Monday, March 29, 2010

bad romance

In Ariel Levy's chapter, "Pigs in Training" she discusses the overly-sexualized, but unsatisfied teenagers in america today. She interviews a male and a female about their experiences in high school with sexuality. Levy appears to be dumbfounded by this culture, she tries to find its origin, attempts to come up with solutions, but in the end, it seems as if she is solely rendered disgusted. I'm having a similar reaction. 

Here we have David, a popular, good-looking boy saying he doesn't understand why his female classmates dress so provocatively. Yet he still feeds into this culture, and makes no mention of an attempt to counteract it, by either telling his girl-friends his true feelings, or sharing them with his male friends. Then we have Anne, a popular, good-looking girl who openly admits to playing into this culture; dressing provocatively etc, in an effort to be accepted and gain attention. She is not necessarily promiscuous, she just gives off the vibe that she is.  But I am a different kind of dumbfounded than Levy appears to be, I'm not at a loss for understanding this culture, in fact I understand it all too well. I'm at a loss for why in gods name I participated in it. 

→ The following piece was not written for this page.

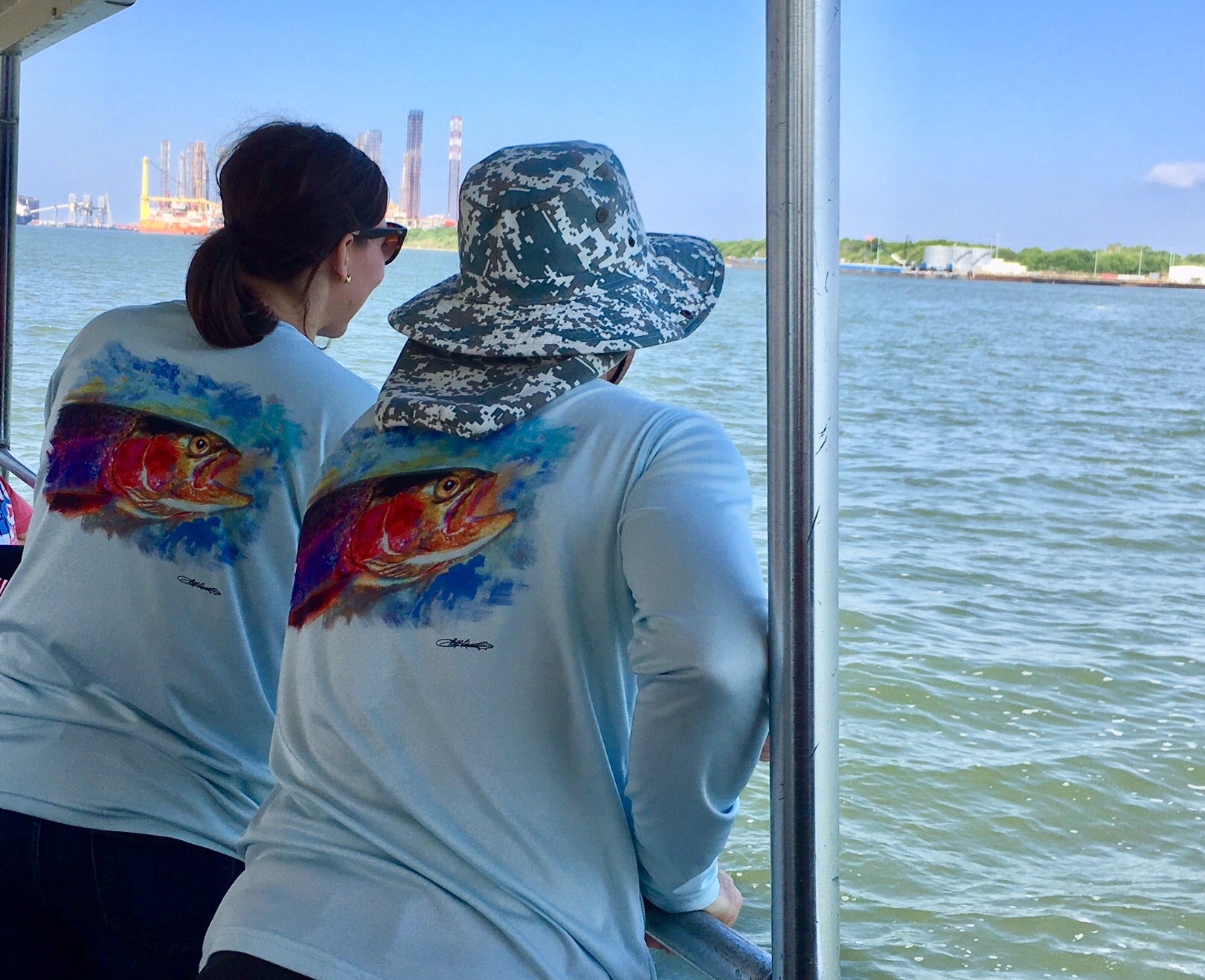 Two women wearing Rainbow Trout UPF 50+ Shirts on a boat, showcasing the colorful trout design ideal for sunny fishing trips.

For most of my life I've just put it off as part of growing up. In middle school the girls are at the boys beck-and-call, not necessarily sexually, but with an undertone of sexuality. We wanted the boys to think we were hot, cool, and exciting. Why? I couldn't tell you. They were short and skinny and their voices were cracking. But still they commanded the hallways of my school. One boy could make any girl's life a nightmare at the drop of a hat, he just had to spread a rumor to a few of his friends and BOOM she was a leper. Too many of my friends were subject to this type of torment. The kids in my class were sexually active throughout our middle school years. But the discourse was never about sexual pleasure, in was merely boastful. For the life of me I cant understand why it was so feared to be considered "prude" (it was almost worse than being labeled as "slutty".) I guess it has something to do with the culture of youth. When we're younger everyone wants to be the same, we'd walk on fire to fit in, and then when we grow up, all we want to do is be different. Which is why the culture that Levy says our youth is participating in is so scary. If the "norm" is to sexualize yourself, whether you want, or are ready for, sex or not, then thats what everyone is going to do. Often times in our class discussions it seems as if the problems we analyze have no solution in sight. I feel as if, in the case of this issue, Levy is over-thinking it.

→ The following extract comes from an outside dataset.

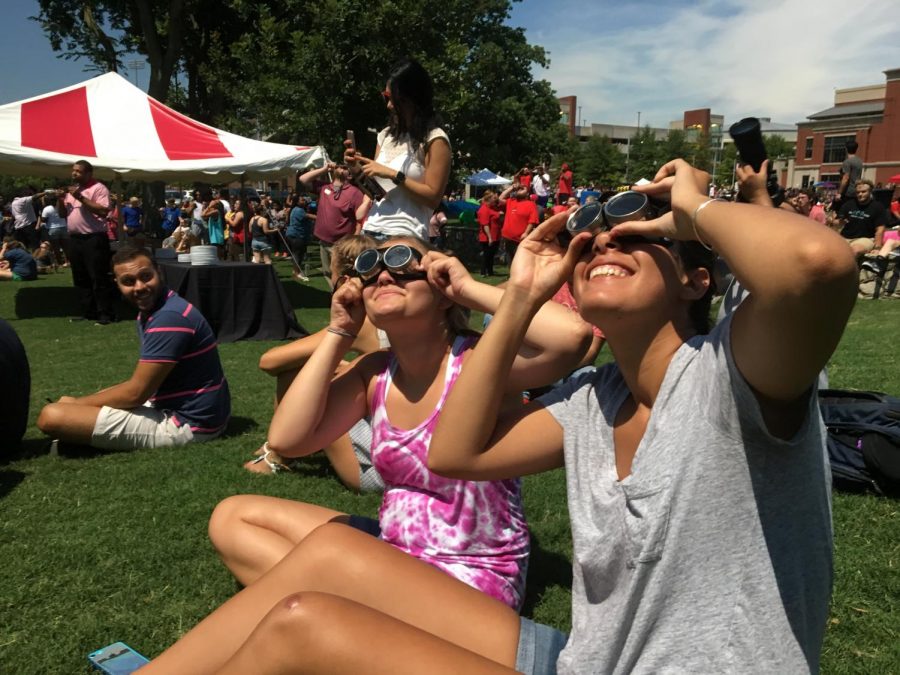 Centre College sophomore Zahra Ortiz (right) watches the eclipse using welding goggles ordered by her dad, an ophthalmologist, with her roommate, Reagan Lynn. They originally planned on traveling to Hopkinsville for the eclipse but came to WKU to avoid traffic.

  We frequently suggest that teachers and administrators should change their methods, we say that they are to blame. Then, we put the blame on the parents, then we jump to the untouchable devil, the media. I think we're overlooking a potentially viable source of change. The influential kids. The kids who "run the show" at their schools, they influence their peers in ways that no ones willing to admit, but that is clear to all. At times, these students are even more powerful than the teachers. They set the tone, they decide what is cool. Sure, they may be getting these negative messages from the media, but trying to control the  media is a burden that few are willing to take on. This suggestion is a bit outside the box, its unconventional, not traditional and provocative,  but you gotta take risks to have change. If teachers spent some time with these influential students individually, reached out to them, gave them some positive attention, perhaps they could deliver a better message to them about sexuality, that they could pass on to their classmates. Though this appears to be promoting some sort of hierarchy, I think it could be worth a shot.

On another note, I really enjoyed Walker's article "Why I Fight Back". I've been raised to believe that violence is never the answer, that fighting "fire with fire" deems no positive solutions. Though Walker's article is promoting the opposite sentiment, it made me look at the issue from another angle. After reading Brownmiller's essay on rape, in which she states that it is just another tool of patriarchal society utilized to frighten and oppress women, I realized that it isn't necessarily the act of fighting back that is important, but the ability to do so. Walker has never had to use her karate skills, but her confidence has grown immensely since obtaining them. If patriarchal society is a mindset, a notion that men are more dominant, then an opposition to this society can also be as simple as a mindset, knowing that you are capable is more important than actually hurting an attacker.

Finally, Morgan's article "Don't Call Me a Survivor". I agree with Alex when he says that this is one of the more disturbing articles that we've read. I literally can't fathom this woman's pain. The physical pain of the act, but more profoundly the years and years that she will need to cope with the resulting emotional pain. The article was almost too devastating to finish. I don't really know how to summarize my thoughts on her experiences, I feel I won't do them justice. I am, however, really interested to see how my male classmates will react to this article. I look forward to hearing their responses tomorrow.